When printing values of one of the numeric system data types shown in Table 3-1 (e.g., pid_t and uid_t), we must be careful not to include a representation dependency in the printf() call. A representation dependency can occur because C’s argument promotion rules convert values of type short to int, but leave values of type int and long unchanged. This means that, depending on the definition of the system data type, either an int or a long is passed in the printf() call. However, because printf() has no way to determine the types of its arguments at run time, the caller must explicitly provide this information using the %d or %ld format specifier. The problem is that simply coding one of these specifiers within the printf() call creates an implementation dependency. The usual solution is to use the %ld specifier and always cast the corresponding value to long, like so:

pid_t mypid;

mypid = getpid();           /* Returns process ID of calling process */
printf("My PID is %ld\n", (long) mypid);

We make one exception to the above technique. Because the off_t data type is the size of long long in some compilation environments, we cast off_t values to this type and use the %lld specifier, as described in I/O on Large Files.

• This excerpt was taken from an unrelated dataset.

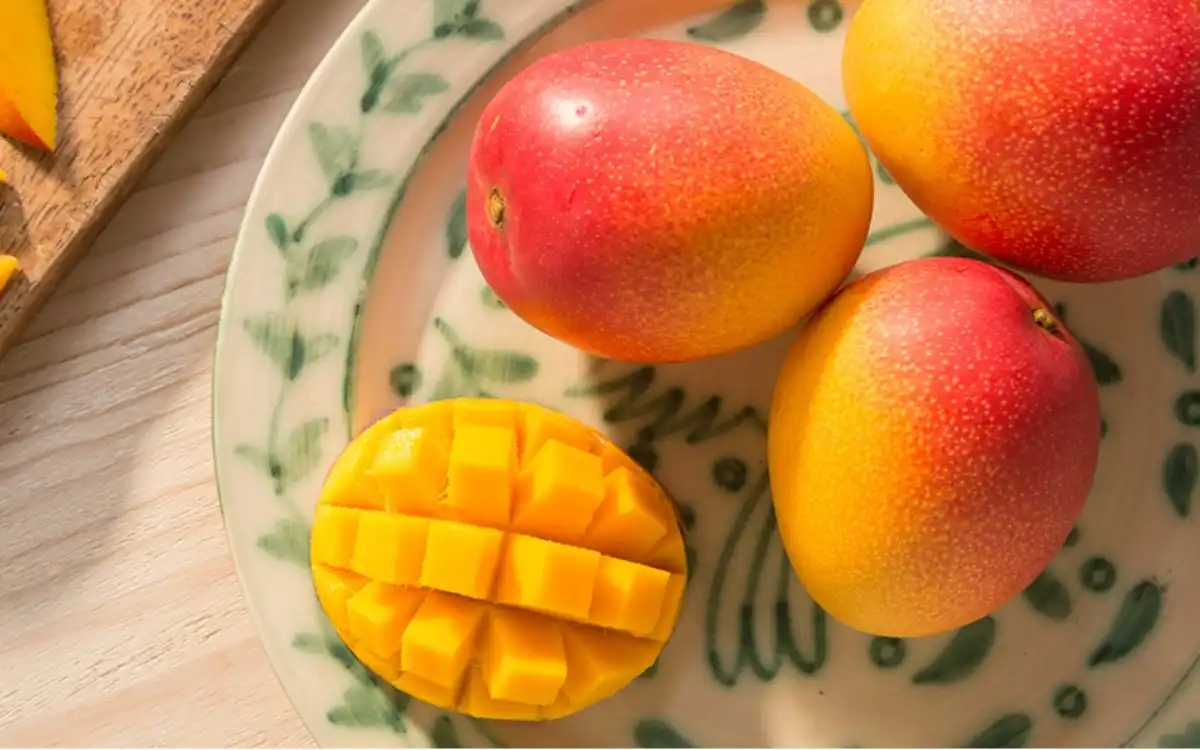 Mangos enteros y mango cortado en cubos sobre un plato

In this section, we consider a few other portability issues that we may encounter when writing system programs.

Each UNIX implementation specifies a range of standard structures that are used in various system calls and library functions. As an example, consider the sembuf structure, which is used to represent a semaphore operation to be performed by the semop() system call:

struct sembuf {
    unsigned short sem_num;         /* Semaphore number */
    short          sem_op;          /* Operation to be performed */
    short          sem_flg;         /* Operation flags */
};

Although SUSv3 specifies structures such as sembuf, it is important to realize the following:

  • In general, the order of field definitions within such structures is not specified.

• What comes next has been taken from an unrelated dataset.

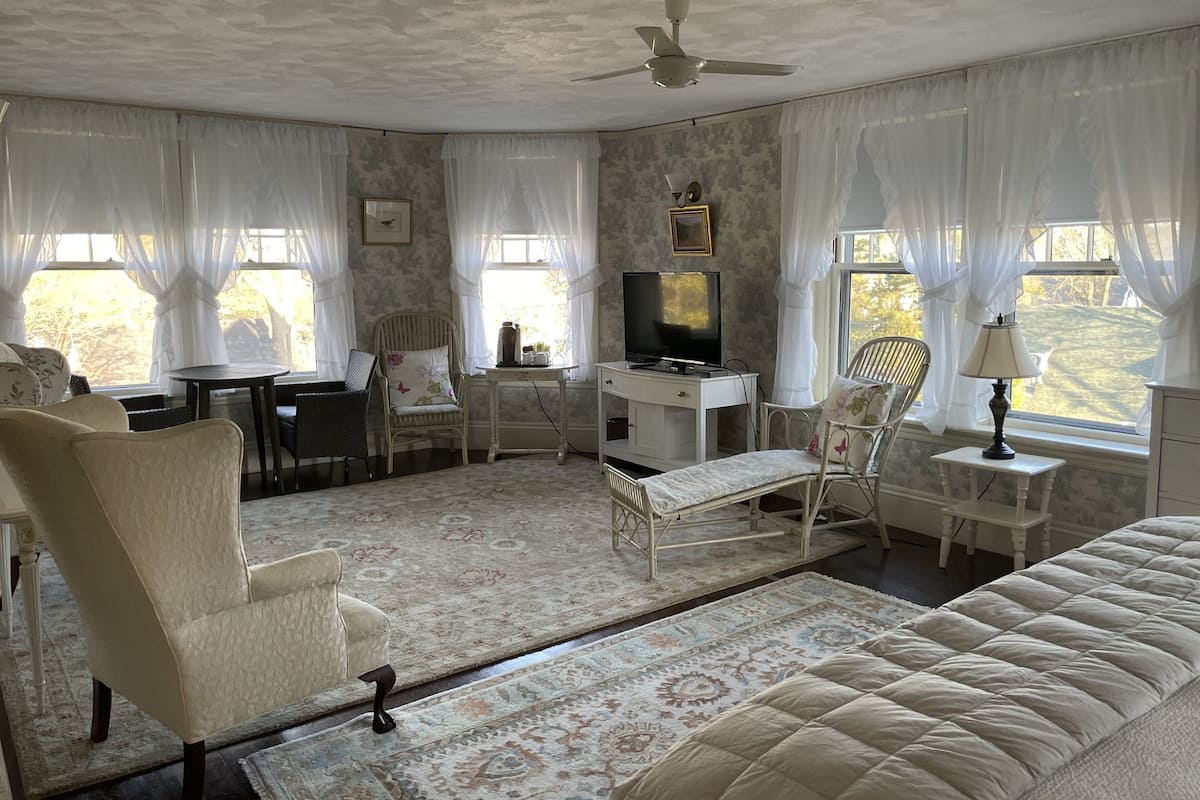 A room with a bed, two chairs, a desk with a TV, a lamp, and a window with curtains.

  • In some cases, extra implementation-specific fields may be included in such structures.

Consequently, it is not portable to use a structure initializer such as the following:

struct sembuf s = { 3, -1, SEM_UNDO };

Although this initializer will work on Linux, it won’t work on another implementation where the fields in the sembuf structure are defined in a different order. To portably initialize such structures, we must use explicit assignment statements, as in the following:

struct sembuf s;

s.sem_num = 3;
s.sem_op  = -1;
s.sem_flg = SEM_UNDO;

If we are using C99, then we can employ that language’s new syntax for structure initializers to write an equivalent initialization:

struct sembuf s = { .sem_num = 3, .sem_op = -1, .sem_flg = SEM_UNDO };

Considerations about the order of the members of standard structures also apply if we want to write the contents of a standard structure to a file. To do this portably, we can’t simply do a binary write of the structure. Instead, the structure fields must be written individually (probably in text form) in a specified order.